MAD SCIENCE!!! or, Atoms for Peace and Fun with TRIGA

More than a thousand years ago, I was once an undergraduate.  A first-year, even. Liked trees, but my initial interest in forestry had been dampened by a job shadow day with some forest rangers who frankly told me parks and rec jobs were scarce and low paying, and government jobs were all about cutting down trees.  Set out to become an engineer because I was good at math, a few people important to me in my life had encouraged me that direction, and word on the street was that engineers got good jobs with high pay. Knew nothing about engineering.  Picked environmental engineering, because of the tree-love, and was quickly disappointed to discover it had more to do with sewers than trees.

Why I found nuclear engineering more attractive than environmental engineering is difficult to say.  A best girlfriend was majoring in it (and women were very scarce in engineering a thousand years ago, scarcer than today).  Plus, atoms! For peace!  Atoms and radiation were just so funky.

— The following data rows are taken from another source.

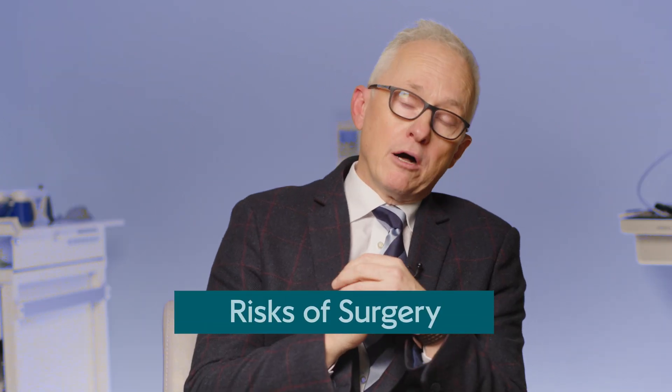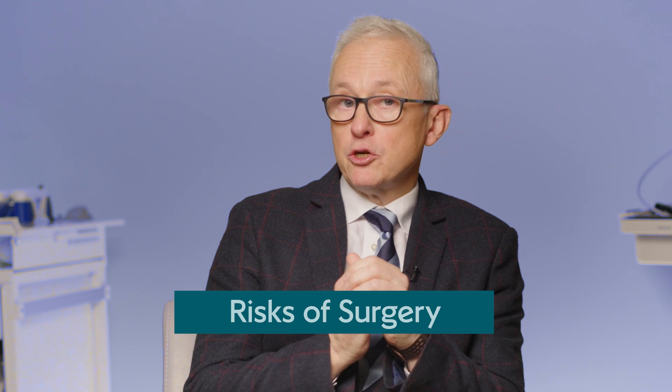As with all surgery there are risks, and this goes especially for surgery to the prostate. Essentially 80% of patients find that their urinary symptoms are improved following this surgery. 15% may say that their symptoms are more or less the same, and very importantly about 5% of patients will say that their symptoms are worse, including a 1% risk of some wetness and incontinence following this procedure.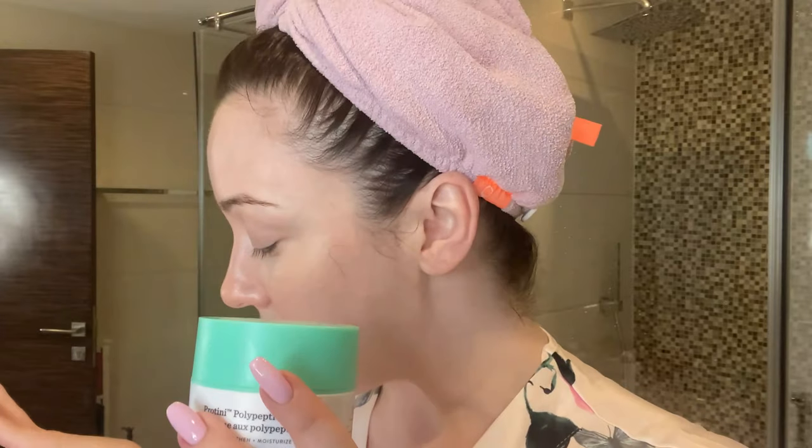Moving on to the face — the moisturizer. This one's pretty expensive. A lot of the products I'm showing you are actually more on the lower side; you don't have to spend a lot of money to have good skincare products. But this one is expensive, and I have yet to find a moisturizer I like better. This is by Drunk Elephant — this is the Protini Polypeptide Cream. Getting tons of those peptides. Everything in here is really good for the skin, and this cream has really helped my skin maintain its elasticity and retain its firmness. For me, this is worth the price — I believe it's $68 in the US. It's expensive, but it's a good one.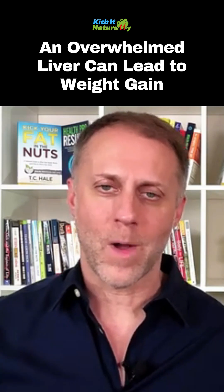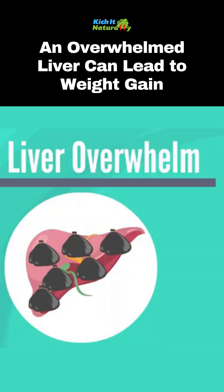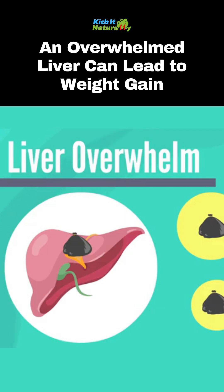Eventually it becomes too much of a toxic environment for the liver to deal with. It's basically overwhelming the liver and the liver can't do its job. And when too many of these toxins accumulate, some of them can be shoved into a fat cell and stored in fat cells.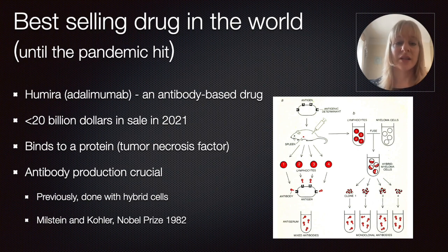What's so unique about it is that it can bind to a very specific protein, which is called tumor necrosis factor or TNF, which is an important protein in the immune system. As mentioned before, that's why it can be used for a variety of autoimmune conditions.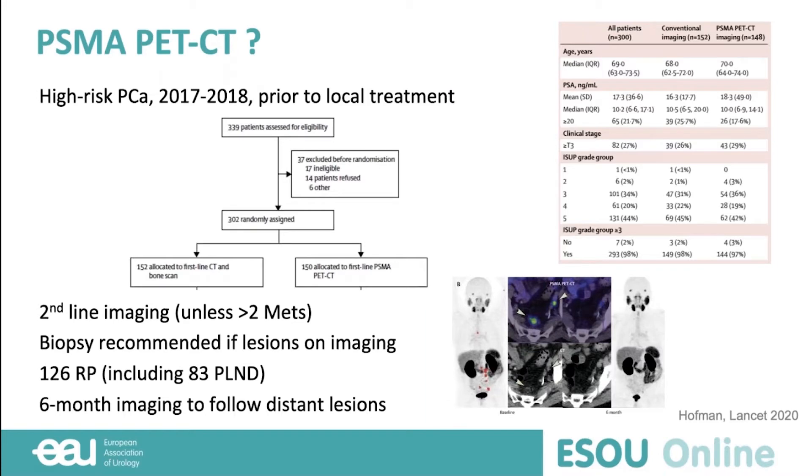We're going to discuss PSMA PET-CT, because this year Hoffman and colleagues published in the Lancet a randomized controlled trial assessing conventional imaging — bone scan and first-line CT — versus PSMA PET-CT in the staging of high-risk prostate cancer. In that trial, 300 patients were randomized to bone scan plus CT versus PSMA PET-CT before local treatment. Second-line imaging was used in case of oligometastatic disease to confirm lesion positivity, and biopsy was recommended if a lesion was found on imaging. More than 100 patients underwent radical prostatectomy including pelvic lymph node dissection, providing histological confirmation in that subgroup.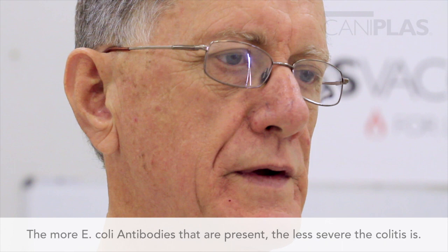Also, E. coli antibodies correlate to experimentally induced colitis in rats. That is, the more E. coli antibodies that are present, the less severe the colitis is — once again, an inverse relationship.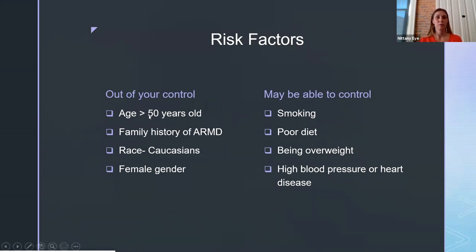Starting with the ones out of your control: age is the biggest risk factor — that's why this disease is called age-related macular degeneration. We rarely see it in people under 50; most of my patients are in their 70s or 80s. Family history is also a big risk factor, as it does tend to run in families. Race is another factor — almost all cases are in Caucasians, about 90%, specifically people with light skin, blue or green eyes, and light hair. Female gender is also a risk factor, partly because females have a longer life expectancy, and the longer you live, the more likely you are to get this disease.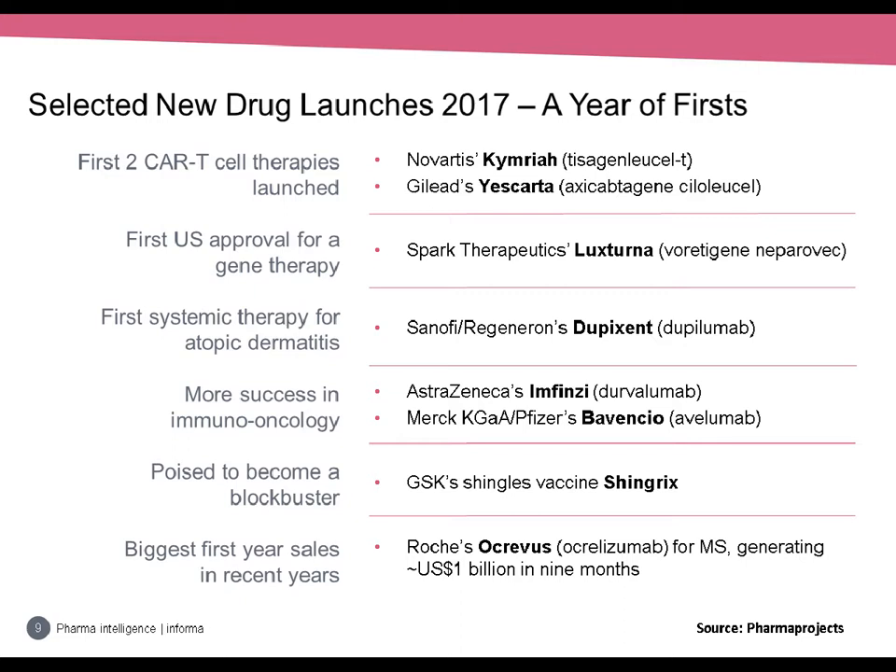The next notable first was the approval of Spark Therapeutics' gene therapy Luxturna for RPE65 mutation-associated retinal dystrophy — the first US approval for a gene therapy. Next, the first systemic therapy for atopic dermatitis: Dupixent from Sanofi and Regeneron, launched in the US and approved in the EU and Japan. There were also two further immuno-oncology drugs: the PD-L1 inhibitors Imfinzi from AstraZeneca and Bavencio from Merck and Pfizer, adding to the number of checkpoint inhibitors on the market. Imfinzi was approved for urothelial cancer and Bavencio for urothelial and Merkel cell carcinoma.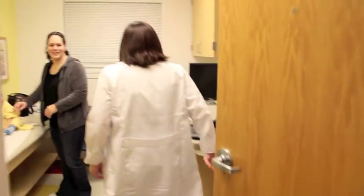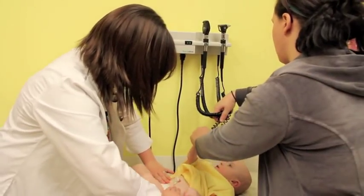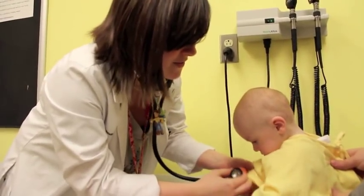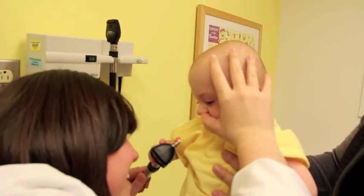You can help coordinate between all the different subspecialists that these complex patients will see, making sure nothing's slipping through the cracks as they're seeing all these various doctors. And then you also see the well child checks and people coming in for a cold — just bread-and-butter pediatric cases.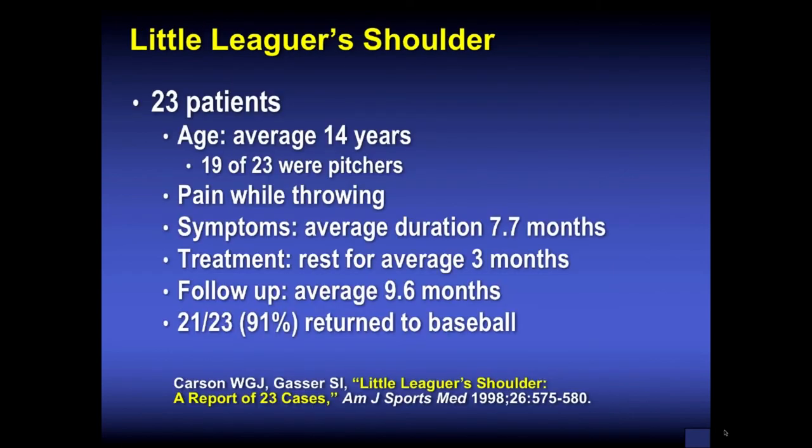In a series by Bill Carson, there were 23 patients in the Florida area with Little Leaguer's shoulder. Average age was 14; 19 of the 23 were pitchers with pain while throwing, usually for about seven months before being seen. Treatment heals in about three months with throwing restriction; follow-up was 10 months and most returned to baseball. There could be some rotation at that epiphysis that accounts for the increased external rotation seen in the dominant hand of pitchers — a skiffy-type rotation of the humeral epiphysis on the diaphysis accounting for bony adaptation.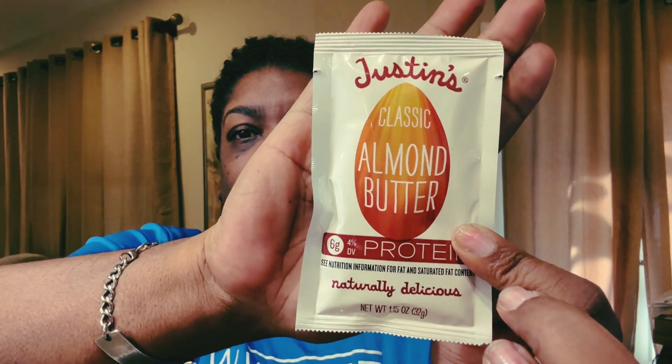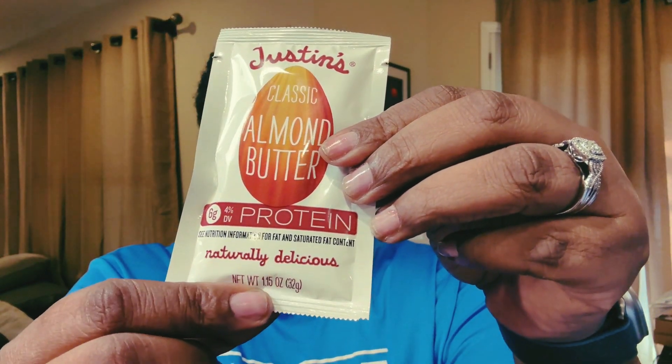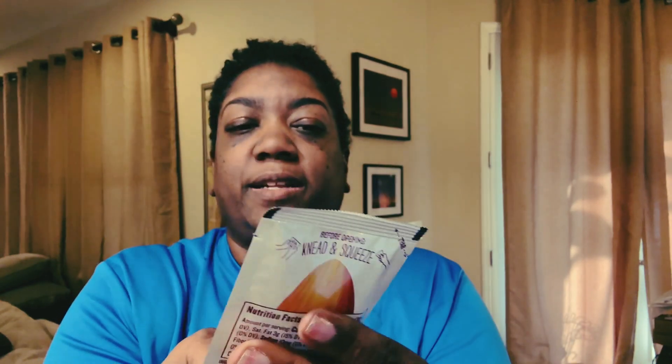Fun fact: did you know that peanut butter, because it's spreadable, falls under the 3-1-1 rule? That's why I'm opting to travel with these packs from Justin's — this is the classic almond butter. It's got protein and fat, but it's only one and a half ounces. I picked up six of these so I'll be traveling with them on my next trip to Las Vegas. I'm not sponsored by Justin's, but hey, if you're from Justin's and you're watching, leave a comment!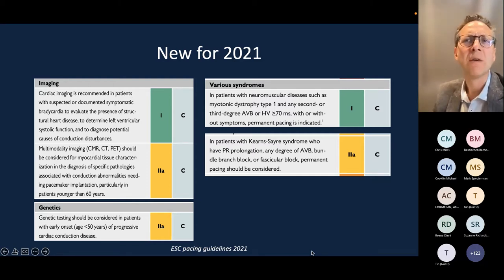For patients with rarer conditions like neuromuscular diseases, there is a slightly lower bar for pacing: any second-degree AV block with or without symptoms carries a class 1 indication. The guidelines also recommend an EP study to measure the HV interval, which is a good way of screening for conduction disease. Where the HV interval is beyond 70 milliseconds, a pacemaker would be recommended.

I'll tell you what. My nascent engineering self was forming right after TMI became the buzzword of the day, and here I don't mean "too much information".  But I still found the whole nuclear bit enormously compelling and sexy.  Get this!  A course where they let you run a freaking reactor!  Sign me up, baby!  You boys can go tinker with your circuits all day long in electrical engineering if you want.  Over here, we are splitting the fucking atom!  For those of us who were nuclear engineers, the thought that we were being trained to run something that could melt down or explode was freaking exciting.  I mean, we were 19.  What did we know?  We were gonna live forever.

I went critical at Penn State's Breazeale Nuclear Reactor, which recently had its 50th anniversary in service (now 55 years).  It's now a National Historical Landmark!  Check out the distinguished white dudes in the pic at the link.

According to a historical marker placed on the reactor site by the Penn State Alumni Association, "Penn State in 1955 became the first university licensed by the Atomic Energy Comission to operate a nuclear reactor as part of U.S. President Dwight Eisenhower's 'Atoms for Peace' program. Named for William Breazeale, Penn State's first professor of nuclear engineering, the reactor became a training and research tool for peaceful applications of atomic energy."

You can learn more about the reactor and its history here.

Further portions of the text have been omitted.